Find the word "Gallery" in the records below. List each line containing it.

*** Exercise materials

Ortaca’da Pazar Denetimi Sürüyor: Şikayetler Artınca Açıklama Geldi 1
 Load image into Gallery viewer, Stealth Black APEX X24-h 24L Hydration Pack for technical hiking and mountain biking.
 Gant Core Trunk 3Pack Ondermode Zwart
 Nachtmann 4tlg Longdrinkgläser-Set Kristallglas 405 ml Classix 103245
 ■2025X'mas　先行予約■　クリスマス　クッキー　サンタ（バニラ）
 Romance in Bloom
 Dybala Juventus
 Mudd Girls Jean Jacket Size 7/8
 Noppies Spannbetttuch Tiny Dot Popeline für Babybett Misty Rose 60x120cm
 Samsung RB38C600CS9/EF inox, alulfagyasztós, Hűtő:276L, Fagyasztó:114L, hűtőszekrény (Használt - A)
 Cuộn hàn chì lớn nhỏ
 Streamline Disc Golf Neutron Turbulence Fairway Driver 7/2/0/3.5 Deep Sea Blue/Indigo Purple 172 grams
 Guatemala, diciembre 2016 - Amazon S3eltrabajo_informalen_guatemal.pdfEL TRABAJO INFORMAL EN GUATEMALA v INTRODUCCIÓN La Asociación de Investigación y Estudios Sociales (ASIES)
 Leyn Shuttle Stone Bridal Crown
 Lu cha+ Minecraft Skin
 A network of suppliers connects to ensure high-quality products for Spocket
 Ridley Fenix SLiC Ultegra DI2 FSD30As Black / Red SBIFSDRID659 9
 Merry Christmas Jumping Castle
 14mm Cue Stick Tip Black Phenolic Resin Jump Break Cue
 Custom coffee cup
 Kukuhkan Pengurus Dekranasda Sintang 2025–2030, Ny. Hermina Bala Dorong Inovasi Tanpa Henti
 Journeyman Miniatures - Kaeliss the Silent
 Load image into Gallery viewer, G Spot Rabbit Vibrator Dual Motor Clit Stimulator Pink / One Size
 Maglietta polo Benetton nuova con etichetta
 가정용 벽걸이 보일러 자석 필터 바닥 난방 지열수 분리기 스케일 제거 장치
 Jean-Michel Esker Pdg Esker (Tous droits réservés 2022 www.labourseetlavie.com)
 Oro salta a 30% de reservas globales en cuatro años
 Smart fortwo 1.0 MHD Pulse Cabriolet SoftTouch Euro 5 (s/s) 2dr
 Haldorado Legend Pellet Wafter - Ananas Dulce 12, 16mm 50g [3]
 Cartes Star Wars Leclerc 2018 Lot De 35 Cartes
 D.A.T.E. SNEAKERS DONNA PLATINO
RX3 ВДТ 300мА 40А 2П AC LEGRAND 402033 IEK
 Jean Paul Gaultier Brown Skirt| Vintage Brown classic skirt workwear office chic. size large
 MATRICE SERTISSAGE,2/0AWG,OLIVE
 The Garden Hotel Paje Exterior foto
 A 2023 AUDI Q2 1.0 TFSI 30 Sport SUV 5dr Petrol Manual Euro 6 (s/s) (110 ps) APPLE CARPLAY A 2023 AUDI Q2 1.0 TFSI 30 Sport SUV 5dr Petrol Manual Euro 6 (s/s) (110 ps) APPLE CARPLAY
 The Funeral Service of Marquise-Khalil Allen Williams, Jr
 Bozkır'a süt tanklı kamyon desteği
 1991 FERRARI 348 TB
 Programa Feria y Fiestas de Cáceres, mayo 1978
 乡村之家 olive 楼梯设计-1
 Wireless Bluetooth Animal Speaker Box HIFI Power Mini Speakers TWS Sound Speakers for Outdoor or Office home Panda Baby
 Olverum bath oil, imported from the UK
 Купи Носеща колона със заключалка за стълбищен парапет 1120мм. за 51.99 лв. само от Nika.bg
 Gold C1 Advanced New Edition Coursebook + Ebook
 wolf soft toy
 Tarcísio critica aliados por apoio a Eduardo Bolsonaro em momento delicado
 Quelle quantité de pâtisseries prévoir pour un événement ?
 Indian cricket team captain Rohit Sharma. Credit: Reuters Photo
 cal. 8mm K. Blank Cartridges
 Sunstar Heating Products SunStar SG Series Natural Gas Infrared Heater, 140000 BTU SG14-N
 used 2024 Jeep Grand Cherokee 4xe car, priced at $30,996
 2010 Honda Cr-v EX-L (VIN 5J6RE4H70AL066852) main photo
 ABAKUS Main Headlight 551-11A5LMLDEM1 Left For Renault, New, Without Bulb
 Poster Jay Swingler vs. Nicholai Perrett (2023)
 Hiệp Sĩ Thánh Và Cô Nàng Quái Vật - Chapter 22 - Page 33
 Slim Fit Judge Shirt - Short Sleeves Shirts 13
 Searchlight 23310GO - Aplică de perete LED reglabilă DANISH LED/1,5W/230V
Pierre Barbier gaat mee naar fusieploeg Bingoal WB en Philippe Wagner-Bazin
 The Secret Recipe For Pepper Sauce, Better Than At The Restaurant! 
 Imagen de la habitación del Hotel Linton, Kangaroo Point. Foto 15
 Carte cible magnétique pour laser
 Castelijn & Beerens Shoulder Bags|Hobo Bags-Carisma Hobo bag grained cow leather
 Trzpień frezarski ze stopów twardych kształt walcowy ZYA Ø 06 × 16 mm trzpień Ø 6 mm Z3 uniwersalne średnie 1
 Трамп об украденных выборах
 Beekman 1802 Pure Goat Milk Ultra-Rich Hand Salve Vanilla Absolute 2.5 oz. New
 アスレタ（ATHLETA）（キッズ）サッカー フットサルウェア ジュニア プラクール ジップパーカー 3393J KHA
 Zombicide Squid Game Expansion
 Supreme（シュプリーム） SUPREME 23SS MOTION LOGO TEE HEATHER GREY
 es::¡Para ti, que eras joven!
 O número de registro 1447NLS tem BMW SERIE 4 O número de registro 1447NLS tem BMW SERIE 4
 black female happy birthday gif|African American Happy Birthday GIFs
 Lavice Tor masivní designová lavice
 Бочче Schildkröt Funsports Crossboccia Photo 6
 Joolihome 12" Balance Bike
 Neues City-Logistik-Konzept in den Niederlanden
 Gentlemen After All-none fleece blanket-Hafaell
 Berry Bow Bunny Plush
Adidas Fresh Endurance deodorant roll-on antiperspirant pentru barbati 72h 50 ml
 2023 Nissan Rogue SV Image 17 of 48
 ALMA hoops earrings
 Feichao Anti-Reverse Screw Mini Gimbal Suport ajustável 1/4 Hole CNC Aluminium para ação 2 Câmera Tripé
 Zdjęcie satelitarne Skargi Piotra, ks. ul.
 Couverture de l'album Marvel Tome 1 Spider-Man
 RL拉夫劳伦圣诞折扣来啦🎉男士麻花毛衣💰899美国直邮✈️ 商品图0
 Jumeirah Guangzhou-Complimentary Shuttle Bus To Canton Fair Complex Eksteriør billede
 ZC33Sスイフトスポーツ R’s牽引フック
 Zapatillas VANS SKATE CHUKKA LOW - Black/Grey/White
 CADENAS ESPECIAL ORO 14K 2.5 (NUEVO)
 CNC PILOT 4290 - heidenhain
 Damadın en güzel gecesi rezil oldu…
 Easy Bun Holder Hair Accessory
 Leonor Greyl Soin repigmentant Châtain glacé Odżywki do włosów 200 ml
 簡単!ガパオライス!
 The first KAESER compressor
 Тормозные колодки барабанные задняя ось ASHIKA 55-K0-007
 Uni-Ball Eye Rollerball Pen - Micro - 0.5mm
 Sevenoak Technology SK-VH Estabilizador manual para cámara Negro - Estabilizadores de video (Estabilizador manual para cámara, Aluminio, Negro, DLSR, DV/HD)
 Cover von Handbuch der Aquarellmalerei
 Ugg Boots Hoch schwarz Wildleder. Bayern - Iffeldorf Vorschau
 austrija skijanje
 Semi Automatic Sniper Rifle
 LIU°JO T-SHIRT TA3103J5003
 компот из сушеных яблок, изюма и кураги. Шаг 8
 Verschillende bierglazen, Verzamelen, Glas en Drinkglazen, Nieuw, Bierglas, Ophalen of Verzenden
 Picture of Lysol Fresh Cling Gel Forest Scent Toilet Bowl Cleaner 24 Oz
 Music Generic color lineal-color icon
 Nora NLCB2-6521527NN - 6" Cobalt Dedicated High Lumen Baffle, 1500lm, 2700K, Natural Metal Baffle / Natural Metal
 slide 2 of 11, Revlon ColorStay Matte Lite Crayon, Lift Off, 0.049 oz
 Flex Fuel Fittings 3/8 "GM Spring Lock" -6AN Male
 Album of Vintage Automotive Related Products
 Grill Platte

******

● **Solution below**
 Load image into Gallery viewer, Stealth Black APEX X24-h 24L Hydration Pack for technical hiking and mountain biking.
 Load image into Gallery viewer, G Spot Rabbit Vibrator Dual Motor Clit Stimulator Pink / One Size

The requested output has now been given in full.